Zsh Mailing List Archive
Messages sorted by: Reverse Date, Date, Thread, Author

Re: [PATCH] zsh/random module [UPDATED]



Clinton Bunch wrote on Mon, Nov 07, 2022 at 18:18:15 -0600:
> diff --git a/Completion/Zsh/Command/_getrandom b/Completion/Zsh/Command/_getrandom
> new file mode 100644
> index 000000000..d97e36918
> --- /dev/null
> +++ b/Completion/Zsh/Command/_getrandom
> @@ -0,0 +1,14 @@
> +#Thans to dana for providing this completion function

This crediting doesn't belong in the source file but in the log message.

> +local lmin=0 lmax=$(( 2 ** 32 - 2 )) umin=1 umax=$(( 2 ** 32 - 1 ))
> +
> +_arguments -s -S : \
> +  '(-r -s)-a+[assign result to specified array parameter]:array parameter:_parameters -g "*array*~*readonly*"' \
> +  '(-a)-s+[assign result to specified scalar parameter]:scalar parameter:_parameters -g "*(integer|scalar)*~*readonly*"' \
> +  '(-r)-i[produce random data as 32-bit unsigned integers]' \
> +  '-c+[specify count of data]: :_numbers -d8 -l1 -m64 -u "bytes or integer elements" "data length"' \
> +  '(-i -L -U)-r[produce random data as raw binary bytes]' \
> +  '(-r)-L+[specify integer lower bound (implies -i)]: :_numbers -d$lmin -l$lmin -m$max "integer lower bound"' \
> +  '(-r)-U+[specify integer upper bound (implies -i)]: :_numbers -d$umax -l$umin -m$max "integer upper bound"'

Suggest to have this state either "inclusive" or "exclusive".

> +++ b/Doc/Zsh/mod_random.yo
> @@ -0,0 +1,67 @@
> +startitem()
> +findex(getrandom)
> +cindex(random data, printing, array)
> +xitem(tt(getrandom) [ tt(-c) var(count) ] [ tt(-r) ] [ tt(-s) var(scalar) ] [tt(-i) ] [ tt(-a) var(array) ] [ tt(-L) var(lower_bound) ] [ tt(-U) var(upper_bound) ])

Never use xitem() without item() after it.

> +NL()Outputs a random hex-encoded string of var(count) bytes by default.
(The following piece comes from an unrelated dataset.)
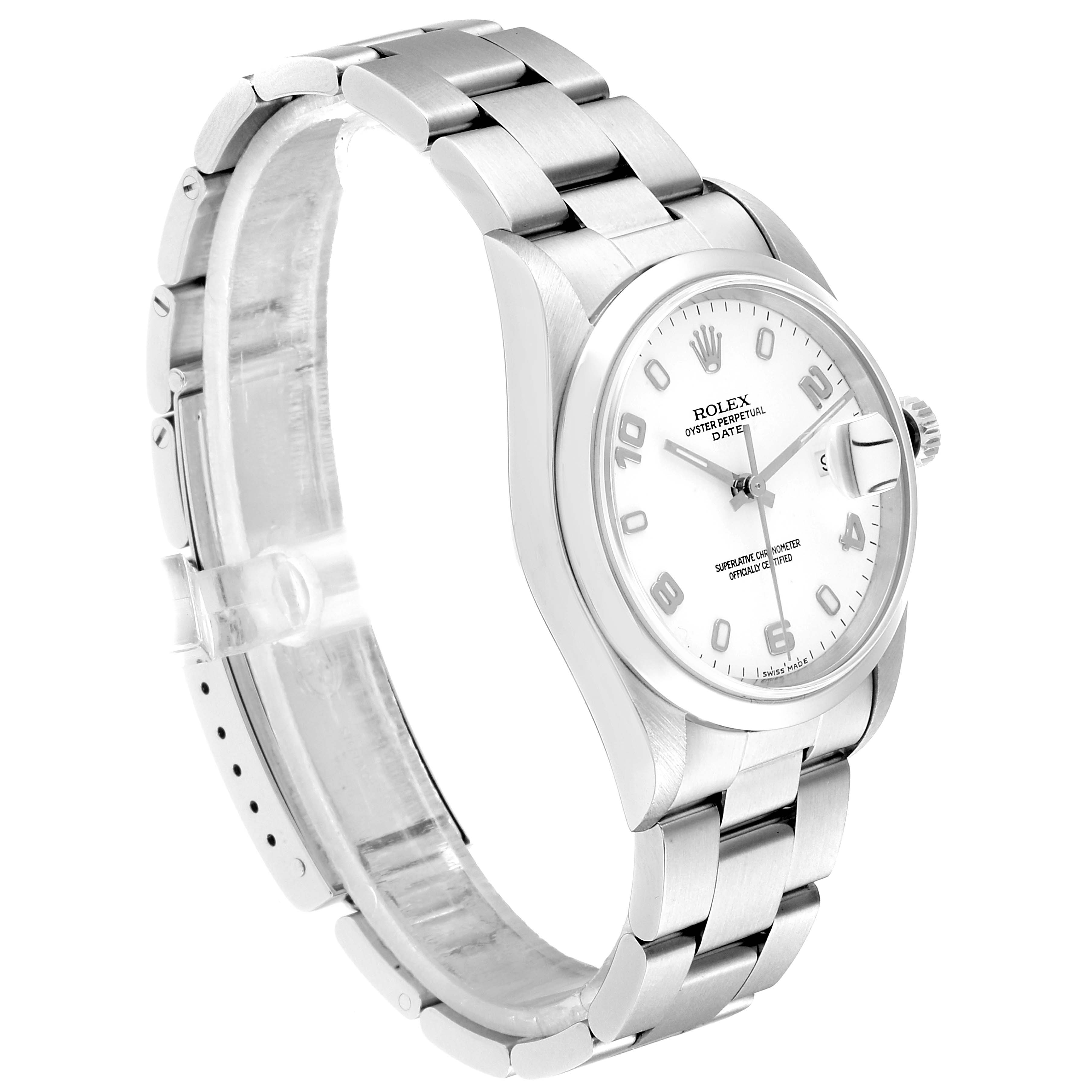 This image shows a Rolex Date 15200 Men's Stainless Steel White Dial 15200 Men's Stainless Steel White Dial model watch, angled to display the face, bezel, and bracelet.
NL()
> +
> +
> +startitem()
> +item(tt(-c) var(count)) (
> +Sets the number of returned random data. Defaults to 8, unless -i, -L, or
> +-U is specified without -a, in which case the default is 1. var(count) must be
> +between 1 and 64.
> +)
> +item(tt(-r)) (
> +Returns the raw binary bytes rather than a hex-encoded string.
> +)
> +item(tt(-s) var(scalar)) (
> +Saves the random data in var(scalar) instead of printing it. It is an error to
> +use this with -i, -L, or -U with a count greater than 1.
> +)
> +item(tt(-a) var(array)) (
> +Saves the random data as an array var(array) of var(count) containing a
> +decimal representation of the integers LPAR()tt(-i), tt(-L), or tt(-U)RPAR()
> +or individual bytes.
> +)
> +item(tt(-i)) (
> +Produces var(count) 32-bit unsigned integers.
> +)
> +item(tt(-L) var(lower_bound)) (
> +Outputs var(count) integers between var(lower_bound) and var(upper_bound).
> +Defaults to 0.  var(lower_bound) can not be negative and the maximum value is
> +4,294,967,294.
> +)
> +item(tt(-U) var(upper_bound)) (
> +Outputs var(count) integers between var(lower_bound) and var(upper_bound).
> +Defaults to 4,294,967,295. This is the maximum value of var(upper_bound) and
> +the minimum is 1.
> +)
> +enditem()
> +enditem()
> +

I don't understand this API.

- Magic numbers:

  + Why should -c default to 8 in the "random bytes" case?  Why
    shouldn't it default to some other value, or even be required to be
    specified explicitly by the user?

  + Why should -c0 be an error?  It should be valid to request an array
    of 0 random numbers, just like, say, «yes | head -n 0».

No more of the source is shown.